Vespa nods. “This morning, Commanders Hornet and Quirrel have agreed to trade crews for this training exercise. All of those under Hornet’s command, please head over to Quirrel’s side, and vice-versa.”
If the soldiers were a bunch of recruits, little privates still stumbling in their boots and flailing with their guns, there’d probably be an uproar of confusion. Huh, what? You mean I— I have to work under a different boss? Someone I hardly know? How can I trust them, they’d ask. How can I understand what they say when they tell me to shoot this person or take down that man?

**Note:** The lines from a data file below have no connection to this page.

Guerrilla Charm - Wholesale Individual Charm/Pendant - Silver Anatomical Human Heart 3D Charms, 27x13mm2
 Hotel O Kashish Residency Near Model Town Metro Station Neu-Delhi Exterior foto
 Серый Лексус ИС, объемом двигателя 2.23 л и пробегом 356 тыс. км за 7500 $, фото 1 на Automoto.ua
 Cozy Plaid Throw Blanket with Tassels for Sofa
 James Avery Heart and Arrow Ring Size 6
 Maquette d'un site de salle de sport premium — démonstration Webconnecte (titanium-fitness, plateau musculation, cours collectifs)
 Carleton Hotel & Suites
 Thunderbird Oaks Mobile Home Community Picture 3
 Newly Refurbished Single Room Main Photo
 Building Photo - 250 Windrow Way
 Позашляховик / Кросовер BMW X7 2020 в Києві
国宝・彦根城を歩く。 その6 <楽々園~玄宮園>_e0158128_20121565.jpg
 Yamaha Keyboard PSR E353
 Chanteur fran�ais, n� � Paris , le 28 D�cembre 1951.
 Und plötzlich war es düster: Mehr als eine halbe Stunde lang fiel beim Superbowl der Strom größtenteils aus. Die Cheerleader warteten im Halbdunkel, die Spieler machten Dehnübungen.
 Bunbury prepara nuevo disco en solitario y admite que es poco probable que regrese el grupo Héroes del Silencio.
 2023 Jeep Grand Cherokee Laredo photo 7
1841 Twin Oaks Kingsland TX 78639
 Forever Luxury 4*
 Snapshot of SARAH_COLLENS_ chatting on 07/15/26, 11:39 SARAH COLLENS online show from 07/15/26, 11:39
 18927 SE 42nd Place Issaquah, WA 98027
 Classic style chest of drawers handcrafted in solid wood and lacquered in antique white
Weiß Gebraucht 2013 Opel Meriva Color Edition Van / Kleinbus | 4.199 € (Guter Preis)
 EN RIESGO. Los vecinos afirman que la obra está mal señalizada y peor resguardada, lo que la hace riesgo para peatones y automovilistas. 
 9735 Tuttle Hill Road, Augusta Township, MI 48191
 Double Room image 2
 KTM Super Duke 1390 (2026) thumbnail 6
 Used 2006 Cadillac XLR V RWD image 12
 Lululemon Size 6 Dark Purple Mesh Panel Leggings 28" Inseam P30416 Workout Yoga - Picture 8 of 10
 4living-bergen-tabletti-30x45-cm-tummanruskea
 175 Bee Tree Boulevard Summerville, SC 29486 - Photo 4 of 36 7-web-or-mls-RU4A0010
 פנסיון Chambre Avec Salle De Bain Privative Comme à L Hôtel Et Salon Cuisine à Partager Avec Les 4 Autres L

It’s a lesson all soldiers should learn early in the Alliance. Every commander is your commander. You either salute them or get tossed out the airlock— there’s no other option. Thank God that Tiso is working with people who’ve been in the Navy for long enough to know that all they’re required to do is nod and say, “Yes, ma’am!”
Still, Tiso didn’t anticipate this being the training exercise today. He glances over at Quirrel, whose eyes are locked on his CO.
A chorus of stomping boots rings out through the field. Heavy soles tamp down the earth as the crews warily eye one another up. They’re clearly confused as to how to feel about the swap. For one, they’re fighting for the opposing team, with an entirely different commander who they don’t know anything about. And two, they’re playing against their own leadership, the person they trust wholeheartedly with their life. The most obvious thought must bubble into each of their minds: are we, the crew, supposed to win? Or do we let our commander win while they work with our rivals?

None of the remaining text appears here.